Off the top of my head,
Turbo hoses
Front wheel bearings
Driveline slop (plenty of threads on here)
Lift is bad mmmkay (without a double cardan front shaft)
Regards,
Tote
I'm looking at a neat MY09 Defender(110) with just under 100,000k on it. I think I might buy it.
I've no idea yet of the vehicles history, but 10,000k/year is a good ratio.
What sort of issues might it have at this mileage to look for? And what can I expect in the next 50,000k?
Peter.
Off the top of my head,
Turbo hoses
Front wheel bearings
Driveline slop (plenty of threads on here)
Lift is bad mmmkay (without a double cardan front shaft)
Regards,
Tote
Go home, your igloo is on fire....
2014 Chile Red L494 RRS Autobiography Supercharged
MY2016 Aintree Green Defender 130 Cab Chassis
1957 Series 1 107 ute - In pieces
1974 F250 Highboy - Very rusty project
Assorted Falcons and Jeeps.....
My Defender is also a 2009 110 with 103,000 kms.
Pull up the front footwell mats and see if the bolts holding the floor to firewall are rusting.

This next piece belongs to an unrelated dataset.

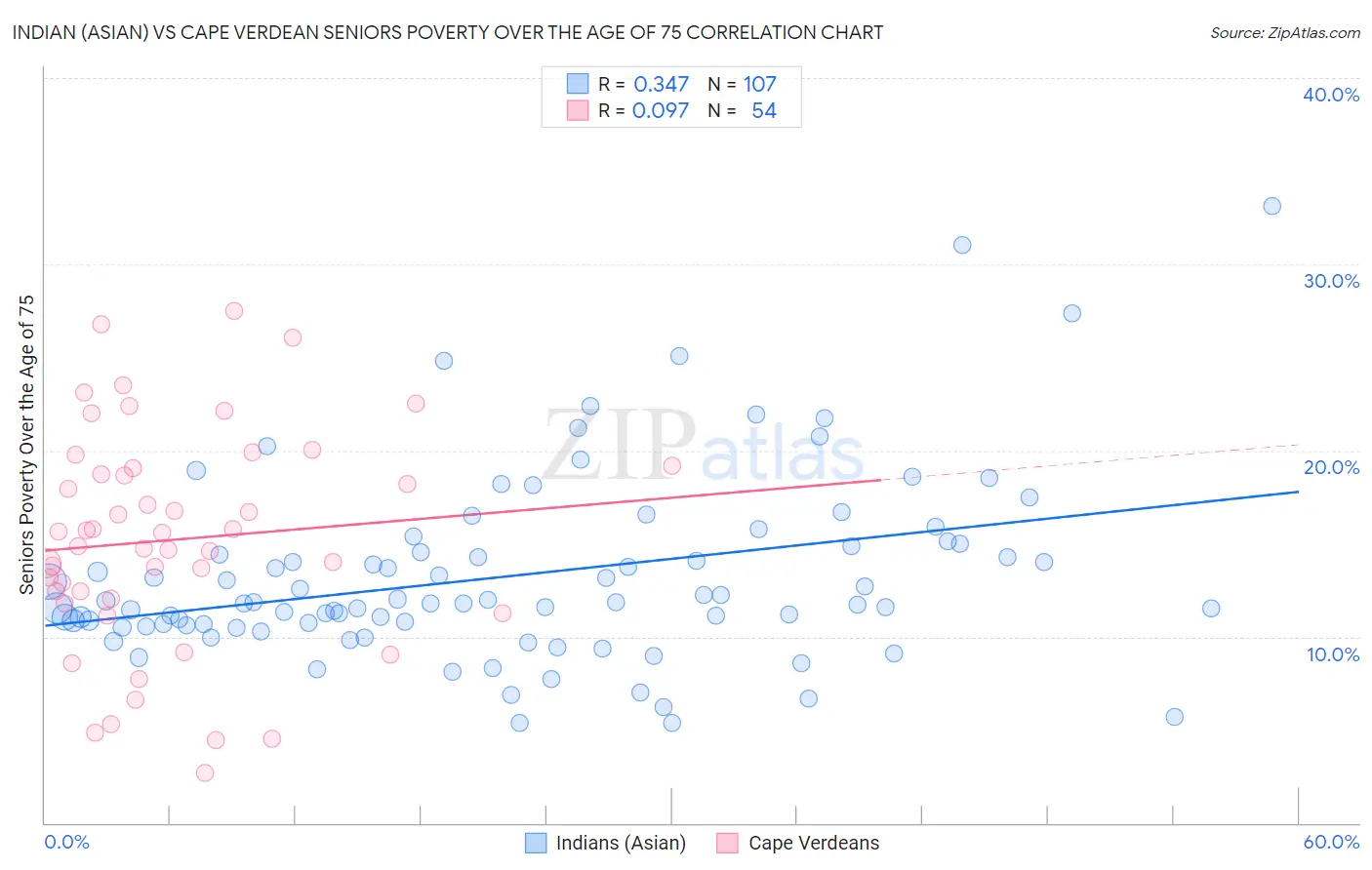 Indian (Asian) vs Cape Verdean Seniors Poverty Over the Age of 75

If so, soak in rust converter and then oil.
Does the clutch rattle? If so the springs might be loose and the clutch may need replacing. It was a known fault. An LR clutch upgrade is about $1600. I paid $2600 for an AP HD clutch.
Do the roof or gutters leak? Roofs leak at the joint where the flat roof meets the sloping panel at the front. Gutters can leak if too much weight has been placed on the roof. I used translucent gutter sealer on mine.

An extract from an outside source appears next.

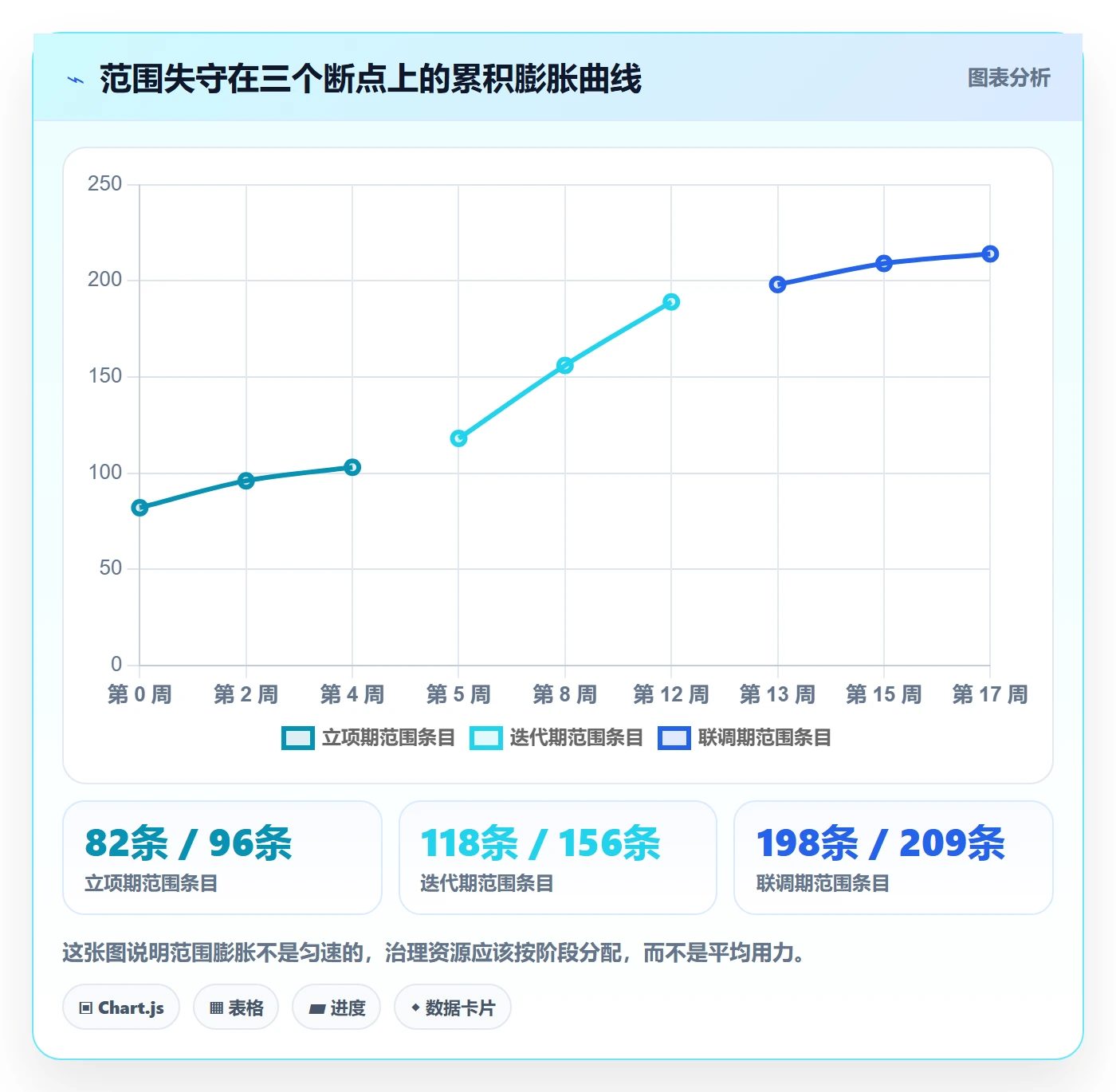 范围边界管理指南:研发团队如何做好项目范围,最佳实践全流程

Has the correct grade of engine oil been used when servicing? It must be non-DPF oil approved by Ford or LR.
Has the fuel filter in front of the driver's side rear wheel been changed regularly? They get overlooked.
Is there rust in the chassis rails or the rear cross member? They need regular flushing with a high pressure hose to remove mud and sand.
Defender's are relatively simple and bulletproof if the basics are looked after.
There is a Haynes manual for Defenders which is worth every dollar, I reckon.
Thanks Gents, good information.
I'm going to have a look at it on Wednesday.
After buying mine I discovered the fuel filter appeared to be the original and had rusted inside. One day it just cracked and started leaking diesel in the carport. They should be changed with every oil change. Worth every cent of the $100 cost of a genuine filter.
BTW there is no pump in the fuel tank of the 2.4 (the 2.2 has a pump) so fill the new filter with diesel before fitting it or the engine will be starved of fuel and won't start.
Bought it on Wednesday - sent it back on Thursday with a split turbo hose (thanks Tote). Everything else seems ok
When is the timing belt due?
I got mine done at 80,000 ks, as there was no record of it having been replaced. The old belt looks fine so I kept it as a spare.
Just fill the filter, pump the accelerator a few times and off it goes.